Please copy the lines below, exactly as they are, from the one with "Warga menyaksikan pertandingan" through the one with "keuken en eettafel van camper", and leave out the pictures.

BEGIN Extracted records

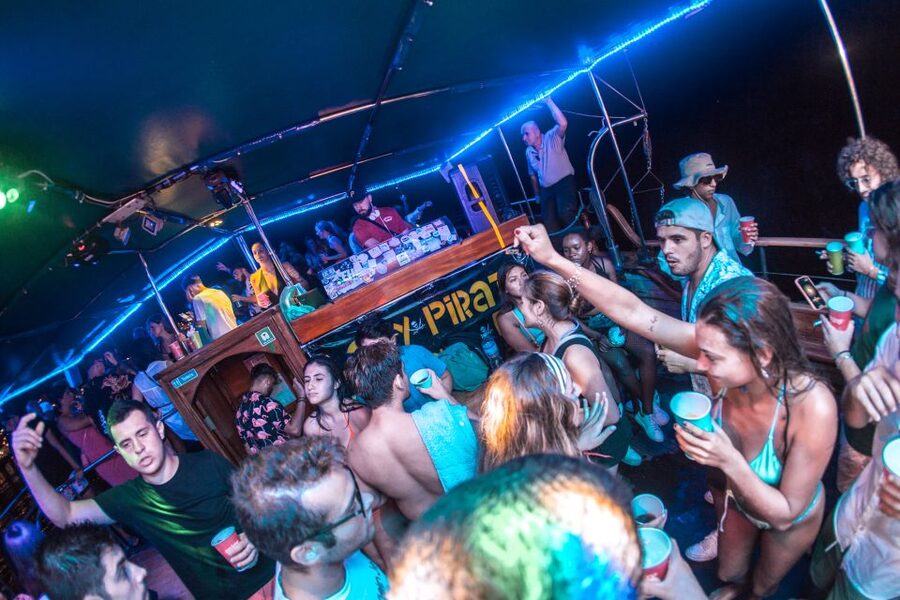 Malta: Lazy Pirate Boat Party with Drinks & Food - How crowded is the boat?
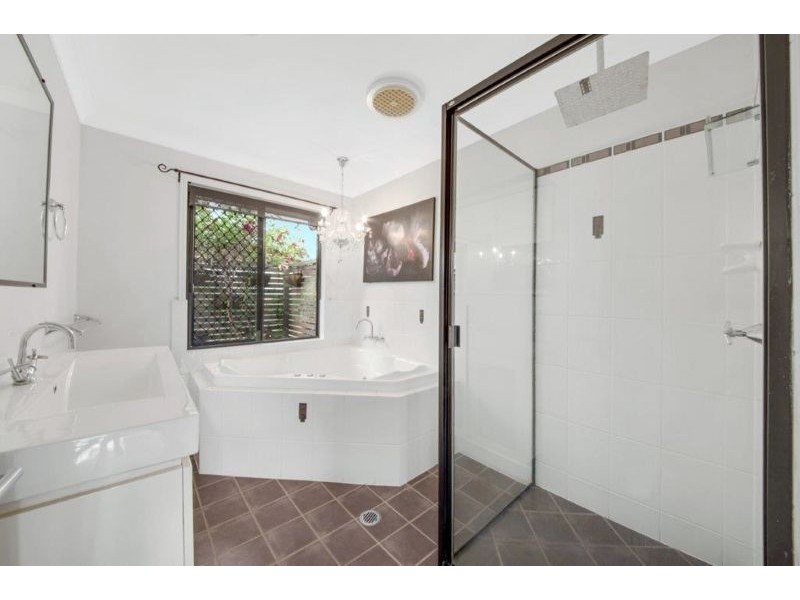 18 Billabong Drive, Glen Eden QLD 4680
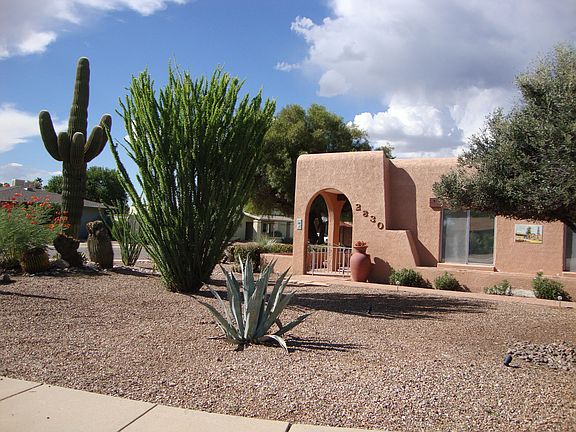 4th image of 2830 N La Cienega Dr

END Extracted records
BEGIN Extracted records

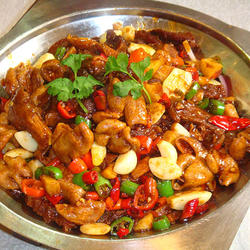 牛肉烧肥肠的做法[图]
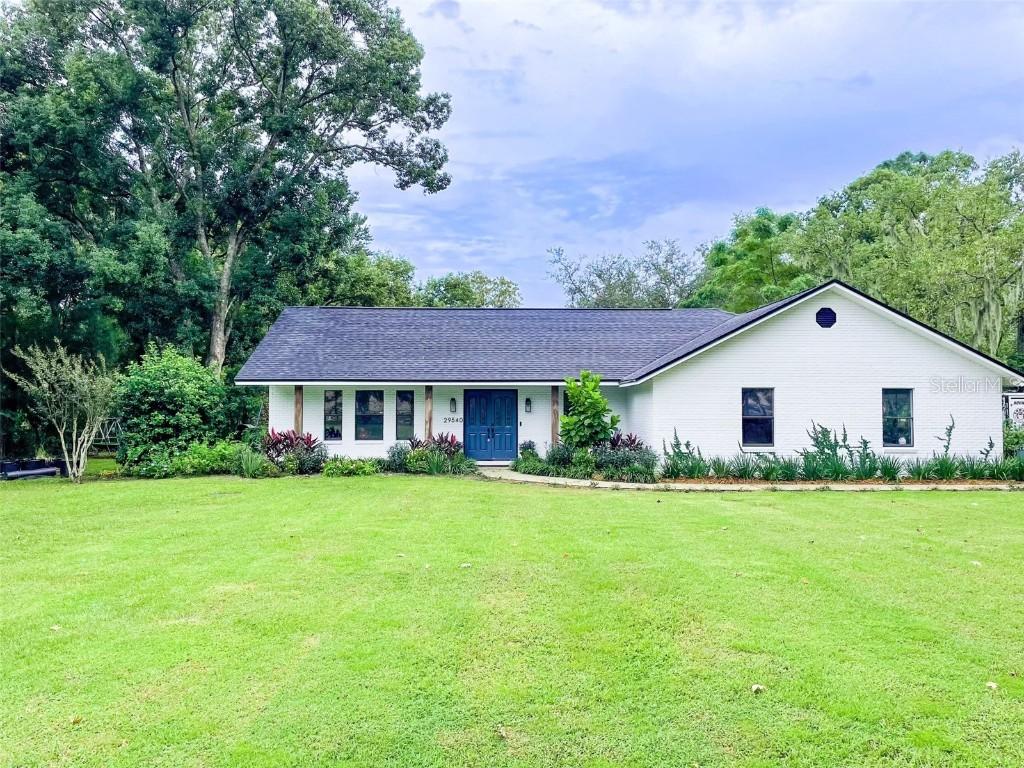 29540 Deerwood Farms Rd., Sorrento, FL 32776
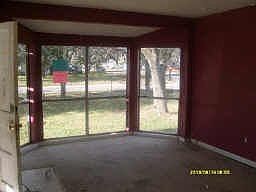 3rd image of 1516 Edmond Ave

END Extracted records
BEGIN Extracted records

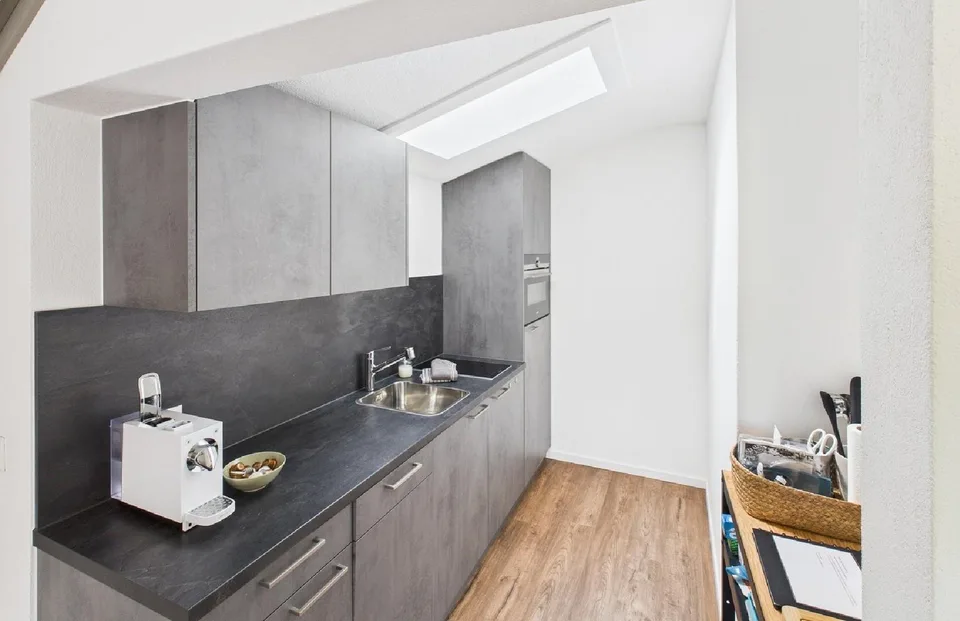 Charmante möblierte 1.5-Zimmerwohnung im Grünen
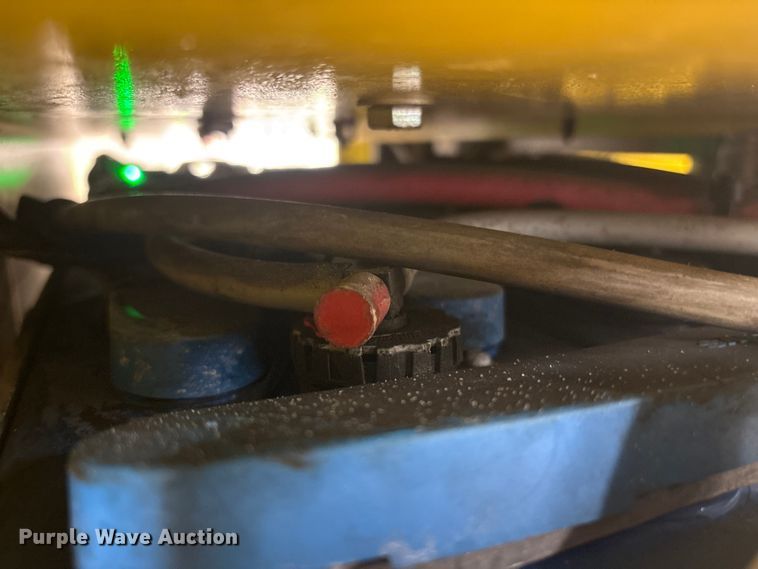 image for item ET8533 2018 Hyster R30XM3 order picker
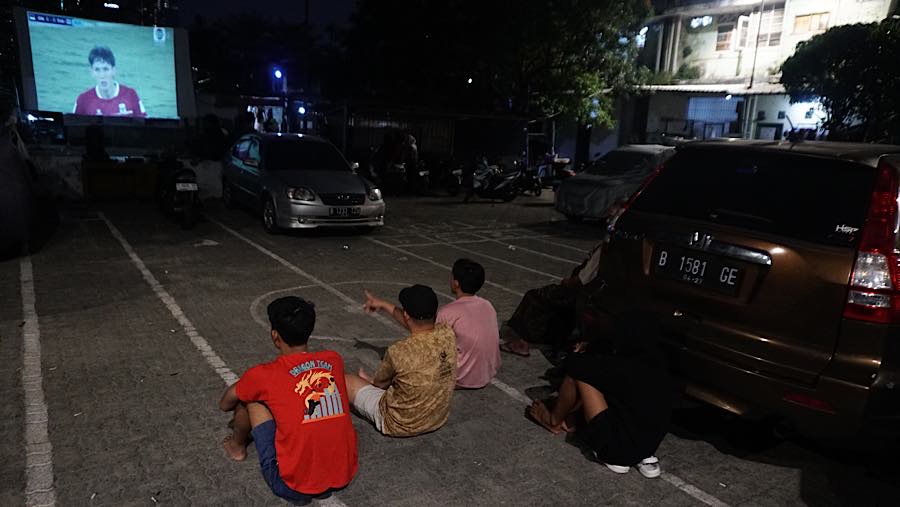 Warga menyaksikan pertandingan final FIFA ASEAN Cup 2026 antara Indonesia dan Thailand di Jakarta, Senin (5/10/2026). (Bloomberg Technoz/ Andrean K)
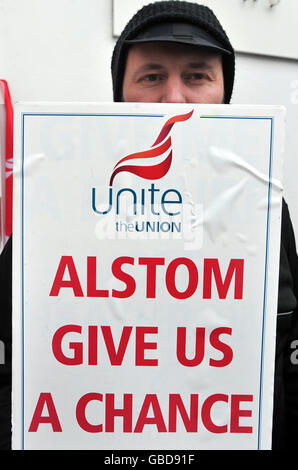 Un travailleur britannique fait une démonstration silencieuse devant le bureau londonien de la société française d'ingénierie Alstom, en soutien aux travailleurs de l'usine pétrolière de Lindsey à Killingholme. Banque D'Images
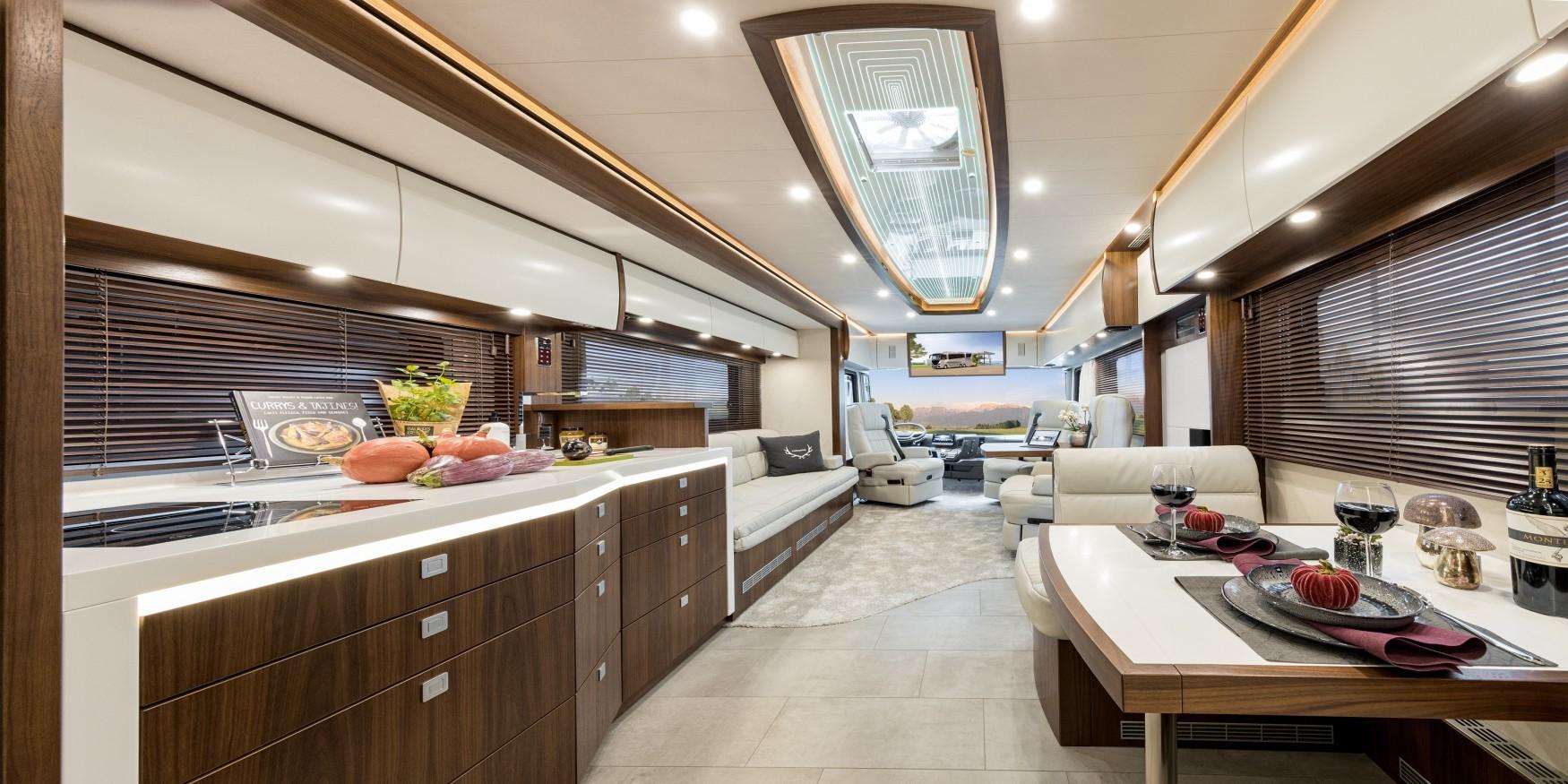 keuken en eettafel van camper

END Extracted records

| Output of the exercise |
 Warga menyaksikan pertandingan final FIFA ASEAN Cup 2026 antara Indonesia dan Thailand di Jakarta, Senin (5/10/2026). (Bloomberg Technoz/ Andrean K)
 Un travailleur britannique fait une démonstration silencieuse devant le bureau londonien de la société française d'ingénierie Alstom, en soutien aux travailleurs de l'usine pétrolière de Lindsey à Killingholme. Banque D'Images
 keuken en eettafel van camper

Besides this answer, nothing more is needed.